Tive hoje a oportunidade de ver em ação, na Biblioteca Mario de Andrade em São Paulo, a fotografia em placa úmida de Roger Sassaki. Retratos em Ferrótipos e Ambrótipos estavam no menu do dia para as pessoas que visitavam o festival organizado pela revista de fotografia Zum, com palestras e workshops. Todos os ingredientes e aspectos dessa prática, ambulante por natureza, estavam presentes. Muita flexibilidade para adaptar-se às condições do lugar, do evento, do público que interrompe, quer saber, conversar, mexer e empresta um certo clima de quermesse ou feira de ciências. Mas por trás dessas turbulências todas, o processo direto (sem negativo ou arquivo raw), exige um protocolo bem rígido, uma disciplina com muitos passos que só com preparação e prática podem gerar o resultado esperado.
Sobre placa úmida
Umas poucas referências técnicas e históricas: A base desses processos ditos em “placa úmida” (wet plate) é um líquido chamado colódio que forma um suporte adequado para os sais de prata sensíveis à luz. O “úmido” vem do fato de que a foto precisa ser tomada e a placa processada antes que seque. Por isso o fotógrafo precisa então ter seu laboratório no mesmo local. Todo o começo da fotografia foi controverso e muitas disputas ocorreram sobre autorias e pioneirismos. Mas Josef Maria Eder (1855-1944), alemão, respeitado historiador e ao mesmo tempo químico especialista em fotografia, atribuiu ao inglês Frederick Scott Archer ( 1813-1857) a proeza de ter realizado as primeiras placas em colódio em 1850 (History of Photography, pag 345). Portanto, aproximadamente vinte anos depois de Daguerre e Talbot terem anunciado seus procedimentos inaugurais. O Talbotype, usando negativos em papel encerado, ainda viria a ser o futuro da fotografia, graças ao desenvolvimentos de emulsões em muito tributárias dos caminhos abertos por Archer com o colódio.

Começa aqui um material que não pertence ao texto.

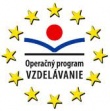 Logo OP vzdelavanie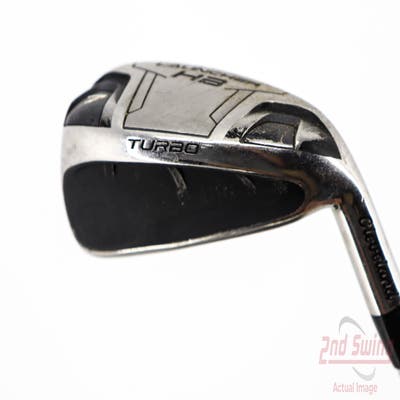 Cleveland Launcher HB Turbo Single Iron 7 Iron True Temper Dynamic Gold DST98 Steel Stiff Right Handed 37.0in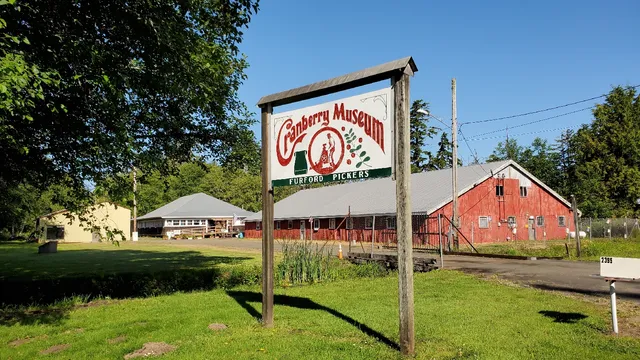 The Cranberry Museum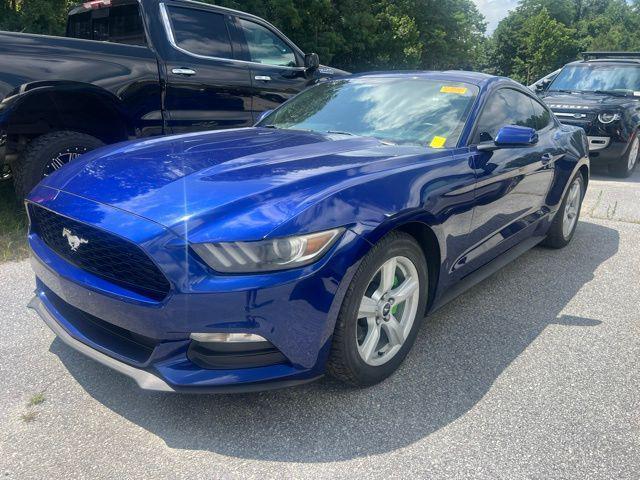 used 2016 Ford Mustang car, priced at $13,994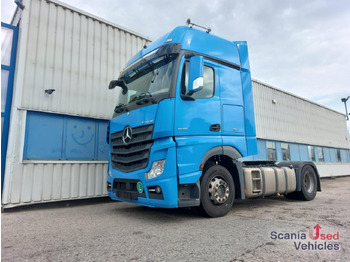 MERCEDES-BENZ Actros 1848 Sattelzugmaschine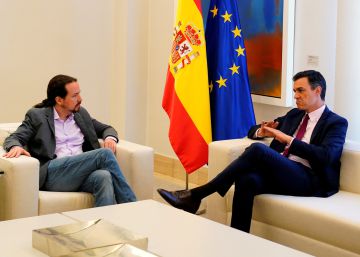Sánchez ofrece a Podemos cargos intermedios pero no ministerios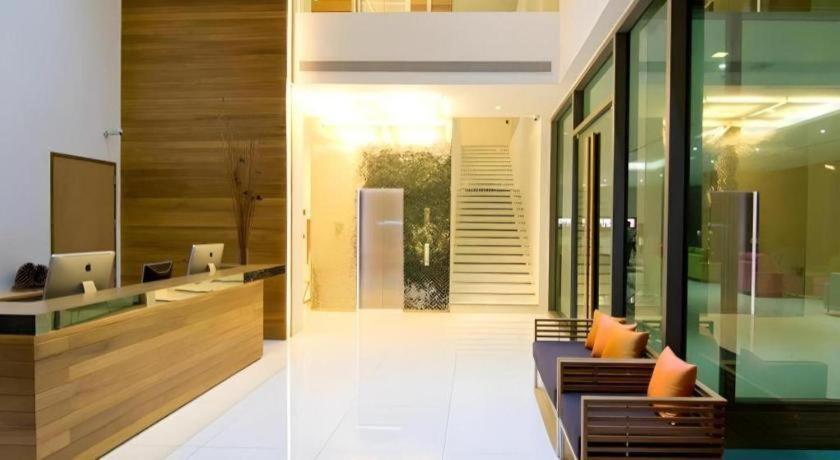 Seven Zea Chic 4* Pattaya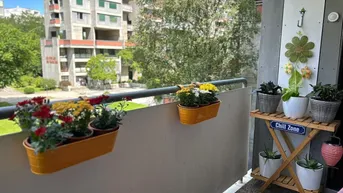 Expose Perfekt geschnittene sehr helle 3-Zimmer Wohnung in Graz St.-Peter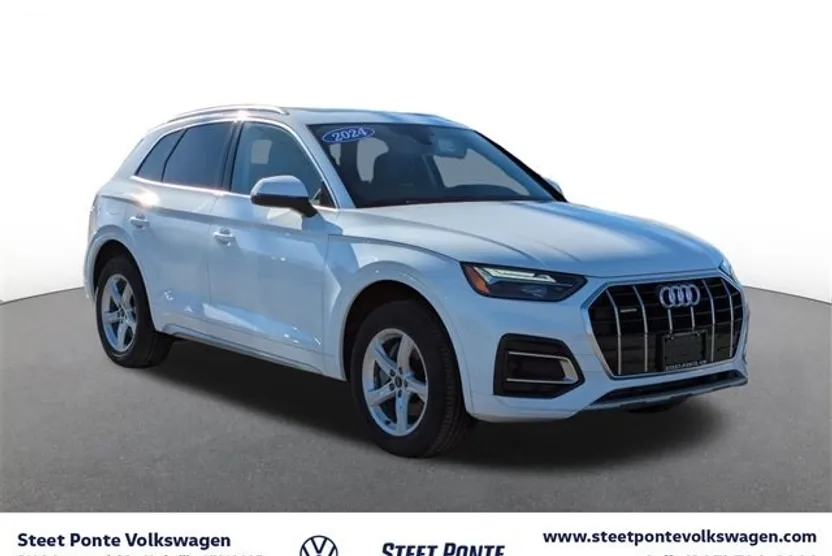 2024 Audi Q5 40 Premium photo 1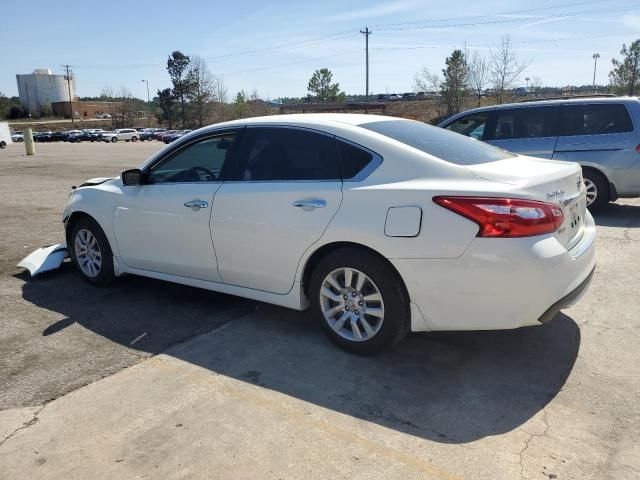 2016 Nissan Altima 2.5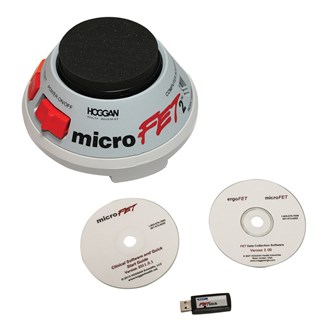 Hoggan MicroFet2手持式無(wú)線肌力測(cè)試儀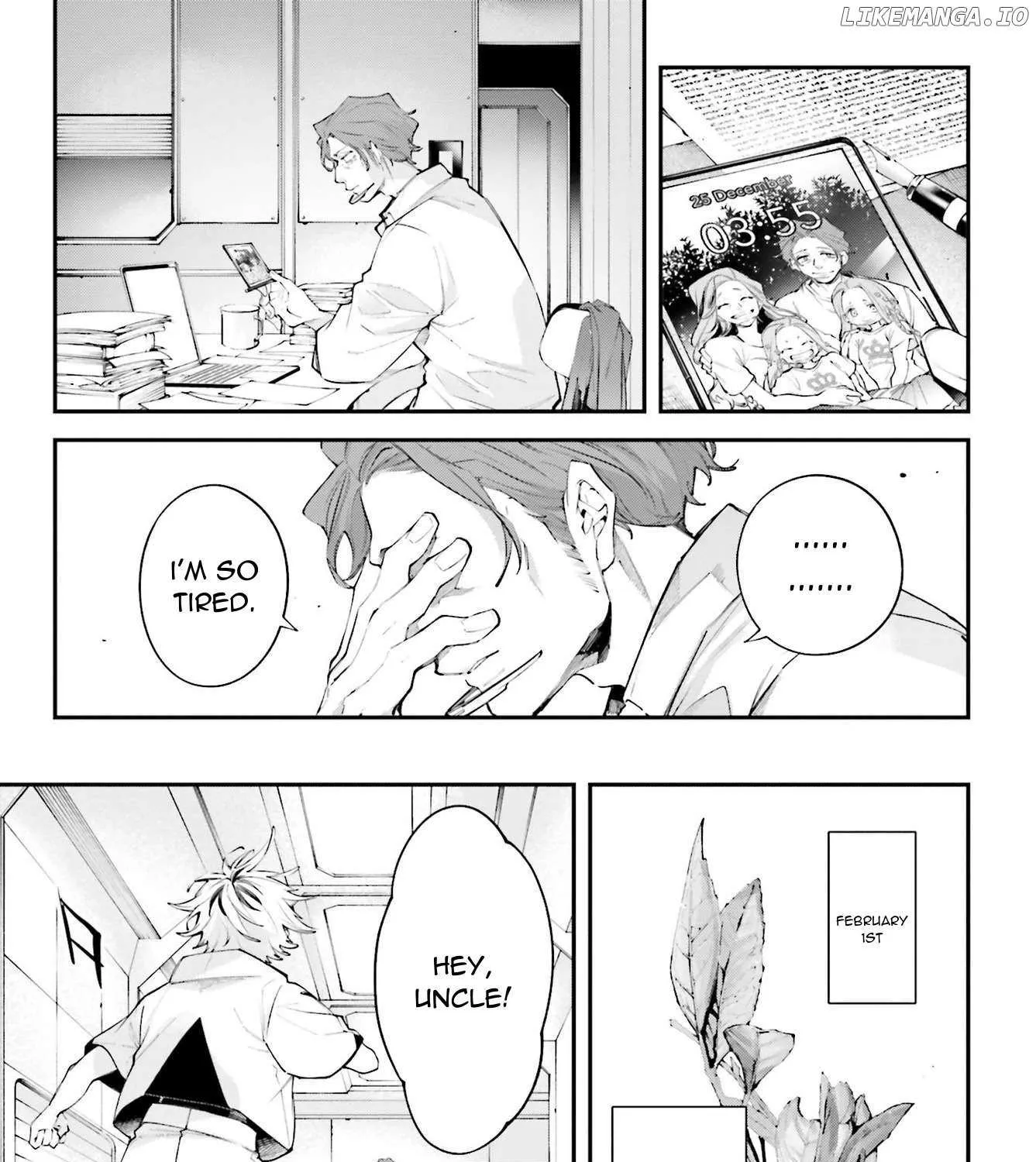Rekkyou Sensen Chapter 16 page 18 - 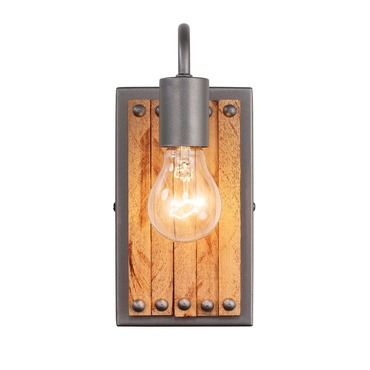 Ella Jane Wall Sconce | Varaluz at Lightology Ella Jane Wall Sconce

Mas o Daguerreótipo, totalmente diferente, praticamente morreu quando o processo de placa úmida veio a público e ganhou a preferência quase absoluta no registro de imagens.
O colódio permitia se fazer negativos de vidro, que rendiam muito melhor os detalhes em comparação com os negativos de papel que, por mais transparentes que fossem, não tinham como superar a translucidez do vidro. Além disso originou duas variações para produzir positivos diretos, justamente o Ambrótipo (Ambrotype) e logo em seguida o Tintype ou Ferrótipo (Ferrotype), dois métodos que Roger Sassaki vem utilizando juntamente com o colódio original, este para produzir negativos. O Ambrotype é na verdade mais uma maneira de se montar o colódio feito no vidro, adicionando-se um um fundo preto posteriormente. Ainda é Eder quem diz que a primeira placa esmaltada sobre a qual foi aplicado o processo do colódio (Ferrótipo), gerando uma imagem positiva diretamente, foi realizada por Laurent Millet em 1854 (ibid. pag 347). O historiador conta ainda que Le Gray (França), o famoso fotógrafo, também disputou com Millet a mesma invenção. De suas pesquisas, Sassaki salienta ainda outros nomes que participaram e alguns que também reivindicaram a primazia no processo: James Cutting (EUA), Hamilton L. Smith (EUA), Adolphe-Alexander Martin (França) e Victor Griswold (EUA). Saber quem foi que fez primeiro torna-se uma questão impossível. O interessante hoje é percebermos a efervescência do ambiente e como eram ainda os próprios fotógrafos que puxavam o desenvolvimento dos novos processos.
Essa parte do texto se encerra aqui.